Data Cleaning and Analysis with the tidyverse r package

I am going to show you how you can do a simple and fast data analysis using tidyverse r package without stress.

The dataset i will be using for this lesson is one i scraped from a popular blog in Nigeria. The dataset contains all the news that has ever been featured on the blog from when it started operating to the day i scraped the data (31-07-2020). My interest however, is only on the “Rape” related news. So without wasting much time let me get on with the analysis..

Load the tidyverse r package

require(tidyverse)

Read in the data

blog_data <- read_csv("https://raw.githubusercontent.com/twirelex/dataset/master/linda.csv") # 64mb+ in size
## Parsed with column specification:
## cols(
##   unlist.strsplit.unlist.wirewire.......... = col_character()
## )
dim(blog_data) # check dimension
## [1] 246585      1

See what the data looks like

head(blog_data, 10)
## # A tibble: 10 x 1
##    unlist.strsplit.unlist.wirewire..........                                    
##    <chr>                                                                        
##  1 "Court dismisses case against Senator Abbo after he was filmed slapping a nu~
##  2 "1 comments Read More...         Woman crashes wedding claiming to be pregna~
##  3 "1 comments Read More...            Insecurity: Nigerians know we have done ~
##  4 "104 comments Read More...         Victor Osimhen becomes Nigeria's most exp~
##  5 "15 comments Read More...           \n\n\r\n    (adsbygoogle = window.adsbyg~
##  6 "[]).push({});\r\n     Jude Okoye's wife, Ifeoma, shares hot new photos as s~
##  7 "60 comments Read More...         \"I’m concerned for the world that feels I~
##  8 "42 comments Read More...            You Do Not Want To Miss This!      \nDu~
##  9 "9 comments Read More...         After waiting for 18 years, woman dies thre~
## 10 "36 comments Read More...           \n\n\r\n    (adsbygoogle = window.adsbyg~

Change the name of the column to something meaningful

colnames(blog_data) <- "title"

Since i am only interested in posts/news that are rape related i will filter the dataframe down to posts/news that has the words “rape”, “rapes”, “raped”, “rapist”, “raping”, “defiling”, “defiled”, “defile”, “defiles” or “defilement”
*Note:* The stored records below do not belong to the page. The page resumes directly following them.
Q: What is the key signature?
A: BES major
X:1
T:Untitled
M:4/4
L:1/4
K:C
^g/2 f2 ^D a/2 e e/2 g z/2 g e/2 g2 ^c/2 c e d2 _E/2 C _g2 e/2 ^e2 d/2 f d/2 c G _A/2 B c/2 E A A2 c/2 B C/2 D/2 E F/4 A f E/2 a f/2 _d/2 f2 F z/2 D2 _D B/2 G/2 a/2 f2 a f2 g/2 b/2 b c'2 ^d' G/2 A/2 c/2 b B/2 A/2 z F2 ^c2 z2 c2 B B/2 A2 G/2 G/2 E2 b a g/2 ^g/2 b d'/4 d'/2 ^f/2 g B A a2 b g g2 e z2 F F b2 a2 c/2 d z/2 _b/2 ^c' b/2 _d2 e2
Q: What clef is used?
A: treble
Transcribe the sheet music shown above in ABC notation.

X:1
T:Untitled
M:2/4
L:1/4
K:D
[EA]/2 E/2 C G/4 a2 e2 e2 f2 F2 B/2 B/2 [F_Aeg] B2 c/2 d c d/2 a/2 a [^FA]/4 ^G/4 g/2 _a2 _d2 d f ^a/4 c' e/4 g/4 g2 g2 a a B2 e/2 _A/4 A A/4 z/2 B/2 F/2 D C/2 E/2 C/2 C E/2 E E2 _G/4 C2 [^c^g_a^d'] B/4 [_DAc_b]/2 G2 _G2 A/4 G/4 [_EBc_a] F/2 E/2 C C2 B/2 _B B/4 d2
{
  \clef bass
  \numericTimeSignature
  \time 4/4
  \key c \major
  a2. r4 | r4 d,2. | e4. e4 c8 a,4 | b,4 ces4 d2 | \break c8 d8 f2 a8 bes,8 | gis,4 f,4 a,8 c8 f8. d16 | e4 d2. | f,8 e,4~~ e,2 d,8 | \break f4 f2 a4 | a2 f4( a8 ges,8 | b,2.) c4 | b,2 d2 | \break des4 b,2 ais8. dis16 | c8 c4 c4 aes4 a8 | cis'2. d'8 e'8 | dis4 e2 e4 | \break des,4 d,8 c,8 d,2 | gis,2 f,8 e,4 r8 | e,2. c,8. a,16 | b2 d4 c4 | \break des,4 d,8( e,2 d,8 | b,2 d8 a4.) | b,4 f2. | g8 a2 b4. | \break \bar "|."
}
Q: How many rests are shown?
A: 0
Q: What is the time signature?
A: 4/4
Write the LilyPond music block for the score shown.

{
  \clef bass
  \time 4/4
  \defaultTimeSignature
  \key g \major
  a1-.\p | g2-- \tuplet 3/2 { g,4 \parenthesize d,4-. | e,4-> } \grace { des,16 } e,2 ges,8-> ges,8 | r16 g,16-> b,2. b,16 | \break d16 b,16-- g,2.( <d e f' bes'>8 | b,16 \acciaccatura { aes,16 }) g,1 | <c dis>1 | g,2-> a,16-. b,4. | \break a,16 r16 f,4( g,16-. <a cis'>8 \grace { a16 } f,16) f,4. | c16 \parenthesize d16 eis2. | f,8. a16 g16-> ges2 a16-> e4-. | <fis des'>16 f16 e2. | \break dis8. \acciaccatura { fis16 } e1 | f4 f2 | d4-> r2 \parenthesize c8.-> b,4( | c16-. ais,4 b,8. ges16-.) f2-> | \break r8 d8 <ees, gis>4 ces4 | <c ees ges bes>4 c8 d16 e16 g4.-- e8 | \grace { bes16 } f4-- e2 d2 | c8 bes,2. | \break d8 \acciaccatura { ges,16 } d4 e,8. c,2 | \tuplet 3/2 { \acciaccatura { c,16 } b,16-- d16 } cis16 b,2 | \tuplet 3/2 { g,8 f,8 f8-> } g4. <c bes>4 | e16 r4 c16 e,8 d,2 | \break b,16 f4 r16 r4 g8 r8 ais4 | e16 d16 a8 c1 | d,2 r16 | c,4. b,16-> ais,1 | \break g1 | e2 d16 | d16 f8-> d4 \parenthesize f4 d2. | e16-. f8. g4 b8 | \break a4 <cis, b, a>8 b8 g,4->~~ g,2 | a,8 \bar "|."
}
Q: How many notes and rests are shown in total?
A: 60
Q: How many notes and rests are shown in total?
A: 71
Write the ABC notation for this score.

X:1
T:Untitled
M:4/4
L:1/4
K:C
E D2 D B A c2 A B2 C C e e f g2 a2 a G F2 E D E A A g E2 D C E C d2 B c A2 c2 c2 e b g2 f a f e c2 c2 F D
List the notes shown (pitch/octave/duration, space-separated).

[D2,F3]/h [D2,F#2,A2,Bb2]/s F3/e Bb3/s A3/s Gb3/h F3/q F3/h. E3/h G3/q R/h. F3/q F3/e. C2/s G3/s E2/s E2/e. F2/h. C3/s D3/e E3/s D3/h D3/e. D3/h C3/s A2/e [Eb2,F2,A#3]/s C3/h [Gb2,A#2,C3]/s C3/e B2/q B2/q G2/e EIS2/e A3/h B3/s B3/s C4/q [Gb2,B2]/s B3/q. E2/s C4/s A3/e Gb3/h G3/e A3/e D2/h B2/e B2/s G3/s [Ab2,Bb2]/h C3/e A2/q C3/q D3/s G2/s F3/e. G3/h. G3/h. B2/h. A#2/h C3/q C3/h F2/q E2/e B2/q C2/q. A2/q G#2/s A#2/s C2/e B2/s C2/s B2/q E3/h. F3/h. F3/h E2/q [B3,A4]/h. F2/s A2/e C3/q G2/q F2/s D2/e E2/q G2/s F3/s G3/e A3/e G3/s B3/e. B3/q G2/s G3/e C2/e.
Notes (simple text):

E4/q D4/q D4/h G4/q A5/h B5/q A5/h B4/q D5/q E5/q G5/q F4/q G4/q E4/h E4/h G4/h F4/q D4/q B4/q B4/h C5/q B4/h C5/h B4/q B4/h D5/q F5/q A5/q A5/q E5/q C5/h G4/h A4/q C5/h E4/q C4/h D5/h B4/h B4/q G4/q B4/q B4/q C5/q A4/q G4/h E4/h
rape_related <- blog_data %>% filter(
    str_detect(title, fixed("rape", ignore_case = TRUE))  |
    str_detect(title, fixed("rapes", ignore_case = TRUE)) |
    str_detect(title, fixed("raped", ignore_case = TRUE)) |
    str_detect(title, fixed("raping", ignore_case = TRUE))|
    str_detect(title, fixed("rapist", ignore_case = TRUE))|
    str_detect(title, fixed("defiling", ignore_case = TRUE))|
    str_detect(title, fixed("defiled", ignore_case = TRUE))|
    str_detect(title, fixed("defile", ignore_case = TRUE))|
    str_detect(title, fixed("defiles", ignore_case = TRUE))|
    str_detect(title, fixed("defilement", ignore_case = TRUE))
)

dim(rape_related) # check dimension
## [1] 2859    1

Now that i have all the rape related cases i want to create another column called “state” to represent the state each event occurred, i will do this by creating a vector of character with all the states and capitals in Nigeria and then use the map_chr function from purrr in tidyverse to loop over all the titles, and extract the first matched state

states = c("Abia","Umuahia","Adamawa","Yola","Akwa Ibom","Uyo","Anambra","Awka","Bauchi", "Bayelsa","Yenagoa","Benue","Makurdi","Borno","Maiduguri","Cross River","Calabar","Delta","Asaba","Ebonyi","Abakaliki","Edo","Benin","Ekiti","Ado Ekiti", "Abuja", "Fct","FCT","Enugu","Gombe","Imo","Owerri","Jigawa","Dutse","Kaduna","Kano","Katsina","Kebbi","Birnin Kebbi","Kogi","Lokoja","Kwara","Ilorin","Lagos","Ikeja","Nasarawa","Lafia","Niger ","Minna","Ogun","Abeokuta","Ondo","Akure","Osun","Oshogbo","Oyo","Ibadan", "Plateau","Jos","Rivers","Port Harcourt","Sokoto","Taraba","Jalingo","Yobe","Damaturu", "Zamfara","Gusau")
rape_related <- rape_related %>% mutate(state = map_chr(title, function(i){
  first(str_extract(i, states)[which(str_extract(i, states) != "NA")])
}))

I will also create another column called date_published to show the dates each rape_related news was posted. i will do this by extracting the dates from each news in the title column with the str_trunc function from stringr in tidyverse.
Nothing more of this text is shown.